Flake and his colleagues tested the setup for up to four weeks on eight fetal lambs that were 105 to 120 days into pregnancy — about equivalent to human infants at 22 to 24 weeks of gestation. After the four weeks were up, they were switched onto a regular ventilator like a premature baby in a NICU.
The lambs’ health on the ventilator appeared nearly as good as a lamb the same age that had just been delivered by cesarean section. Then, the lambs were removed from the ventilator and all but one, which was developed enough to breathe on its own, were euthanized so the researchers could examine their organs. Their lungs and brains — the organ systems that are most vulnerable to damage in premature infants — looked uninjured and as developed as they should be in a lamb that grew in a mother.

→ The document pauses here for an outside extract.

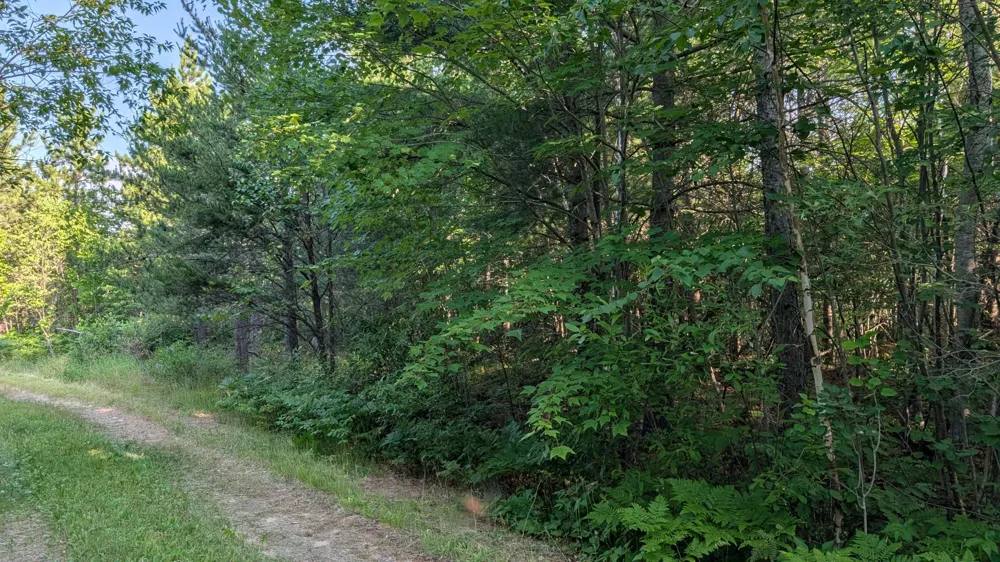 Lot B Hwy. 24 Orr, MN 55771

Of course, lambs aren’t humans — and their brains develop at a somewhat different pace. The authors acknowledge that it’s going to take more research into the science and safety of this device before it can be used on human babies. They’ve already started testing it on human-sized lambs that were put in the Biobags earlier in pregnancy. And they are monitoring the few lambs that survived after being taken off the ventilator to look for long-term problems. So far, the lambs seem pretty healthy. “I think it’s realistic to think about three years for first-in-human trials,” Flake says.

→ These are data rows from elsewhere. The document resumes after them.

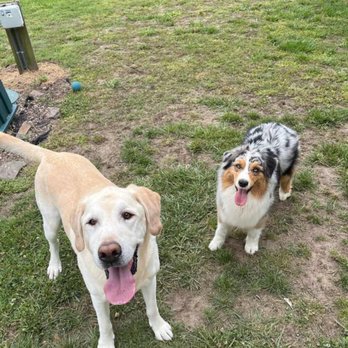 Crozier Conceptions Pet Services - Apollo and Skye - Pet Sitting Near Me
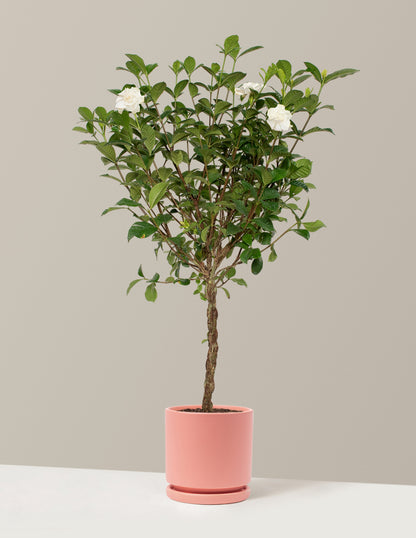 Large Braided Gardenia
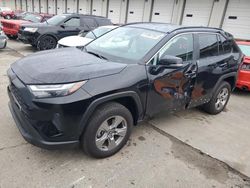 Salvage cars for sale at Louisville, KY auction: 2024 Toyota Rav4 XLE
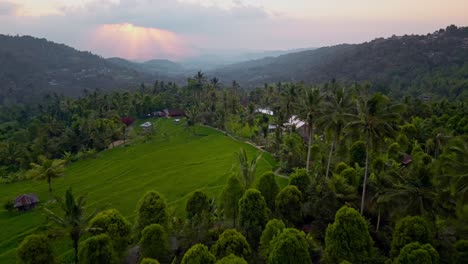 aerial view of a lush tropical landscape at sunrise with rice terraces, palm trees, and traditional buildings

“It’s so interesting, and it’s really innovative,” Rogers says. “To be able to continue to develop in an artificial environment can reduce the many problems caused by simply being born too early.” Rogers adds that not every facility has the resources or expertise to offer cutting-edge care to expecting mothers — a problem that the Biobag won’t be able to solve. “We know there are already disparities after preterm birth. If you have access to high-level regionalized care your outcomes are often better than if you don’t,” she says.

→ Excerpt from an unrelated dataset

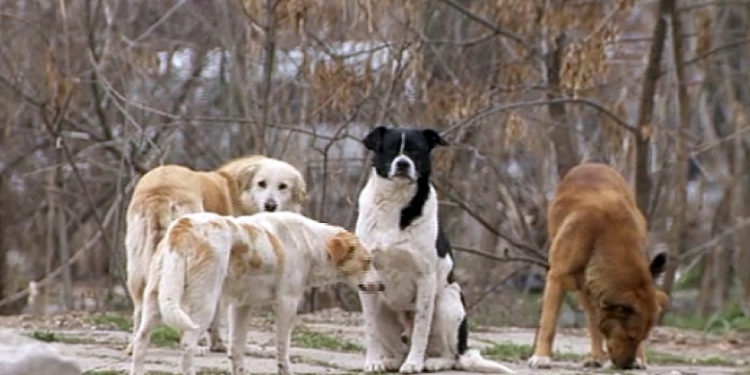 Problema câinilor vagabonzi în capitală, neschimbată nici după 4 ani de mandat al lui Ion Ceban: Până la zece oameni mușcați se înregistrează săptămânal | VIDEO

And Rogers worries about how hype surrounding the Biobag could impact parents coping with preterm infants. “I think many people have been affected by preterm birth and they think this is going to be some magic bullet. And I think that prematurity is just really complicated.” Preventing it in the first place should be a top priority, she says, but the Biobag could help drive that research forward.
For Flake, the research continues. “I’m still blown away, whenever I’m down looking at our lambs,” he says. “I think it’s just an amazing thing to sit there and watch the fetus on this support acting like it normally acts in the womb... It’s a really awe-inspiring endeavor to be able to continue normal gestation outside of the mom.”